• **About this exercise**
An image-free, verbatim transcription of the records is the expected result.

• **Material provided**
+ + + +

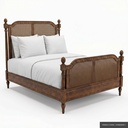 [EUR: BayQBED] Bay - Queen Bed  / French Stain ( Standard )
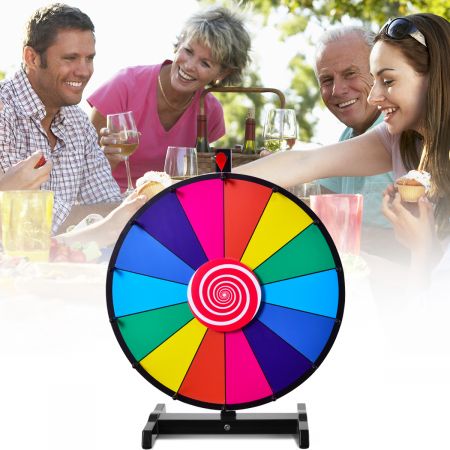 24" Glücksrad Spielzeug Farbe Rad Spiele für Lotteriespiele Wortspiele φ60cm 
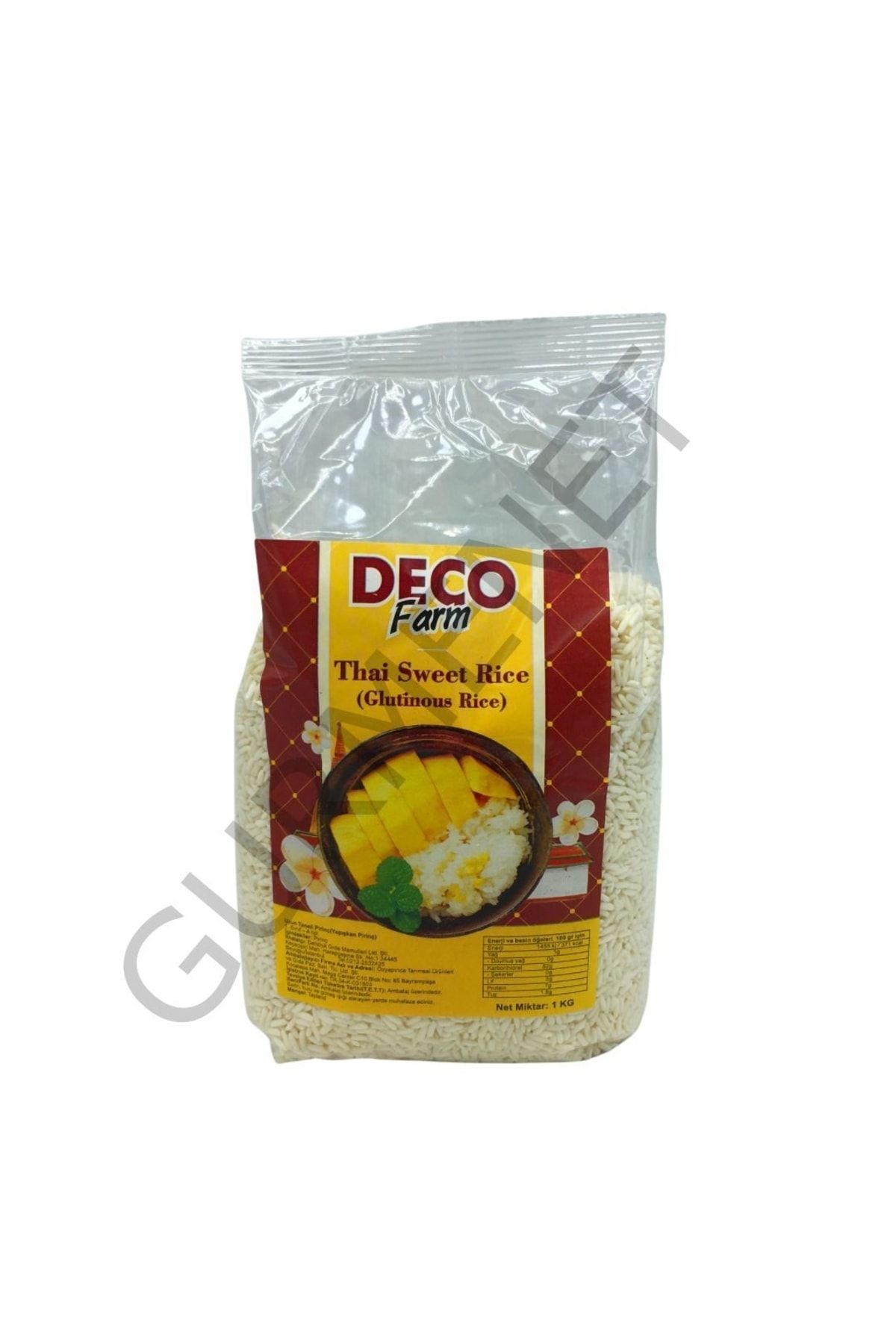 DECO De&co Glutinous Rice Yapışkan Pirinç 1 Kg.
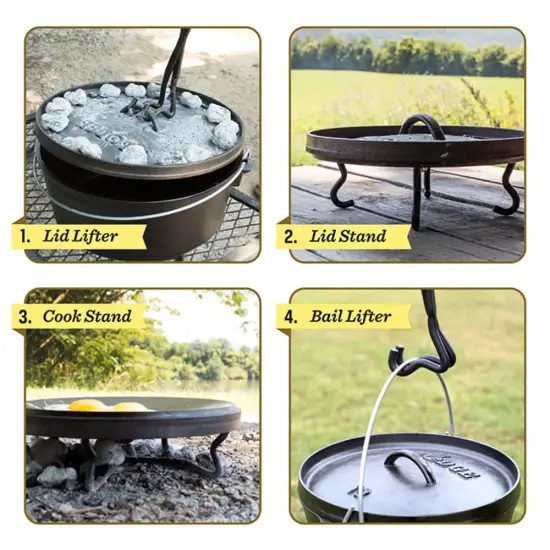 Lodge 4-in-1 Camp Dutch Oven Tool {3}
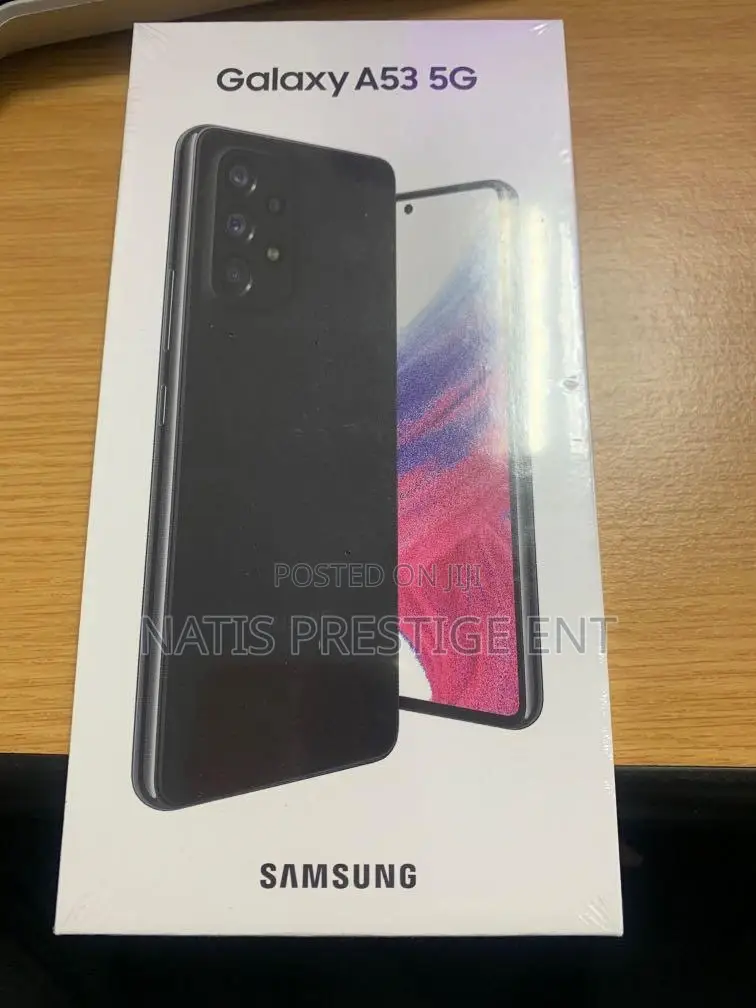 New Samsung Galaxy A53 5G 128 GB Black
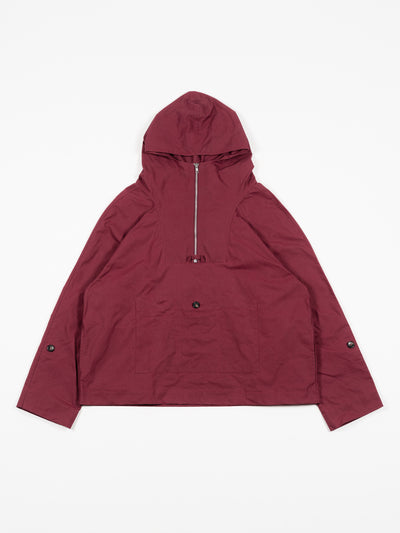 British Dry Oilskin Anorak Burgundy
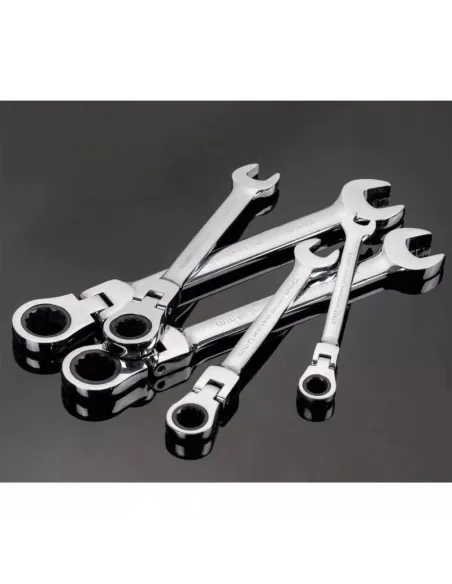 Trusa 12 chei combinate cu clichet si articulatie 8-19mm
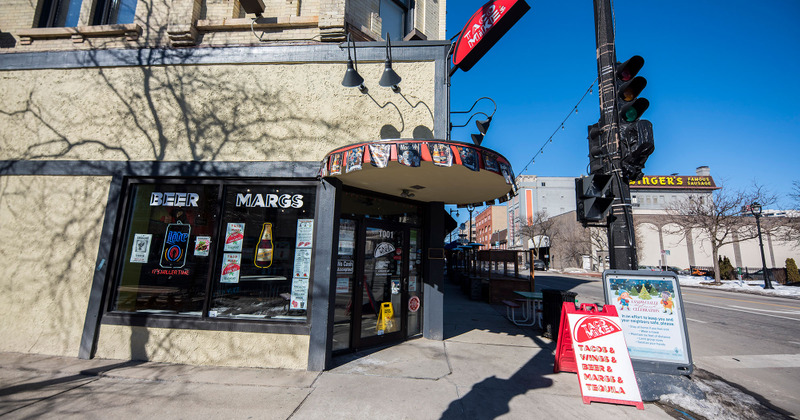 Exterior, bar entrance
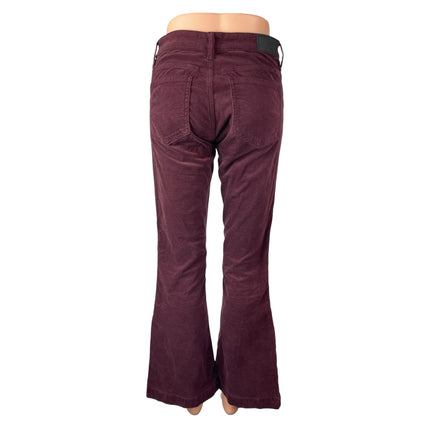 Mavi Sydney Womens Red Maroon Mid Rise Flared Bootcut Trousers Pants Size 25/30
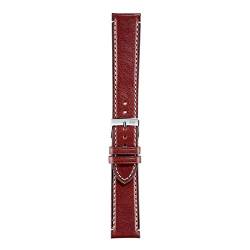 Morellato Gaudi' Unisex Armband aus der Kollektion Manufatti aus echtem Kalbsleder - A01X4810947, rot, 18mm, Gurt von Morellato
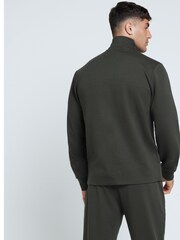 River Island スリムフィット スマート ファンネルネック コットン 100% スウェットシャツ - 画像 2 / 4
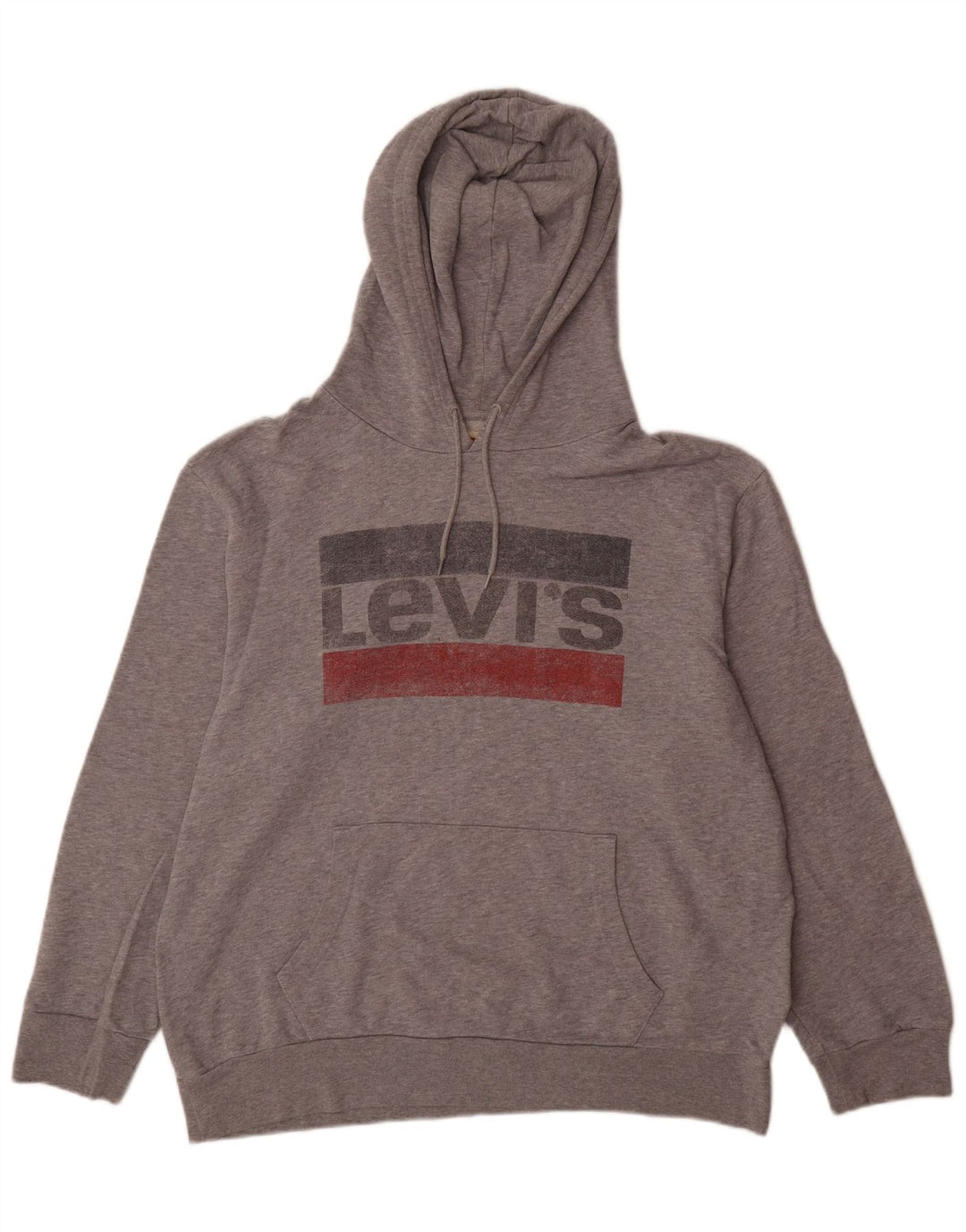 Maglione con cappuccio grafico da uomo Levi's XL in cotone grigio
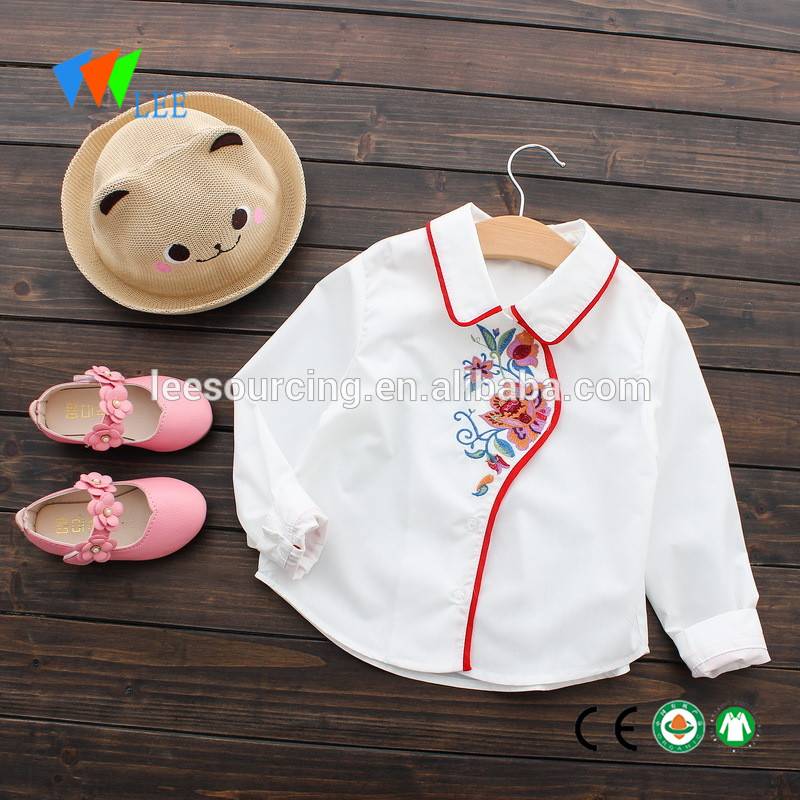 Wholesale Dealers of Boys Casual Coat - girl long sleeve embroidery cotton shirt – LeeSourcing
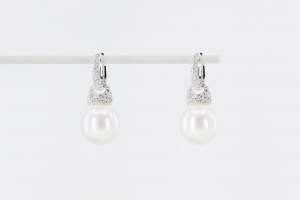 Orecchini perle australiane diamanti Prestige - Gioielleria Casavola Noci - idee regalo donne anniversario matrimonio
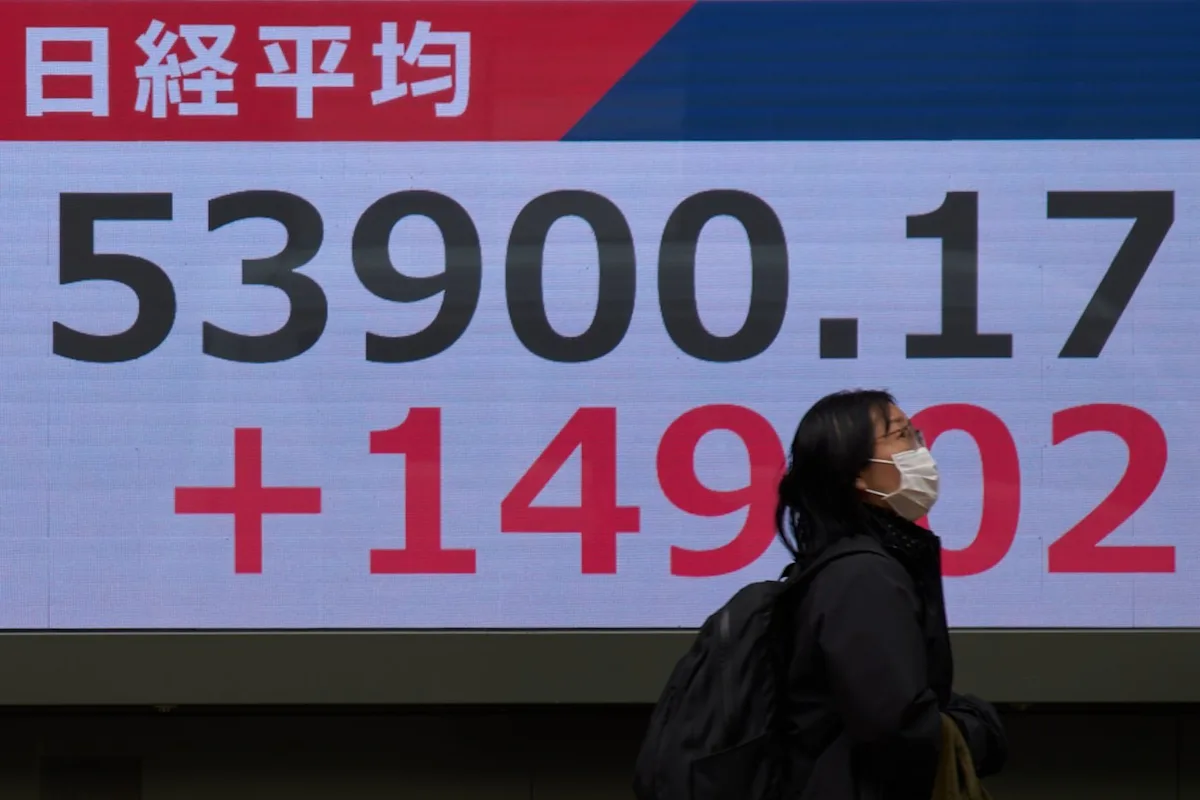 Asian shares are mixed and US futures slip as Brent hovers above $100 a barrel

+ + + +

• **Solution for this task**
 [EUR: BayQBED] Bay - Queen Bed  / French Stain ( Standard )
 24" Glücksrad Spielzeug Farbe Rad Spiele für Lotteriespiele Wortspiele φ60cm 
 DECO De&co Glutinous Rice Yapışkan Pirinç 1 Kg.
 Lodge 4-in-1 Camp Dutch Oven Tool {3}
 New Samsung Galaxy A53 5G 128 GB Black
 British Dry Oilskin Anorak Burgundy
 Trusa 12 chei combinate cu clichet si articulatie 8-19mm
 Exterior, bar entrance
 Mavi Sydney Womens Red Maroon Mid Rise Flared Bootcut Trousers Pants Size 25/30
 Morellato Gaudi' Unisex Armband aus der Kollektion Manufatti aus echtem Kalbsleder - A01X4810947, rot, 18mm, Gurt von Morellato
 River Island スリムフィット スマート ファンネルネック コットン 100% スウェットシャツ - 画像 2 / 4
 Maglione con cappuccio grafico da uomo Levi's XL in cotone grigio
 Wholesale Dealers of Boys Casual Coat - girl long sleeve embroidery cotton shirt – LeeSourcing
 Orecchini perle australiane diamanti Prestige - Gioielleria Casavola Noci - idee regalo donne anniversario matrimonio
 Asian shares are mixed and US futures slip as Brent hovers above $100 a barrel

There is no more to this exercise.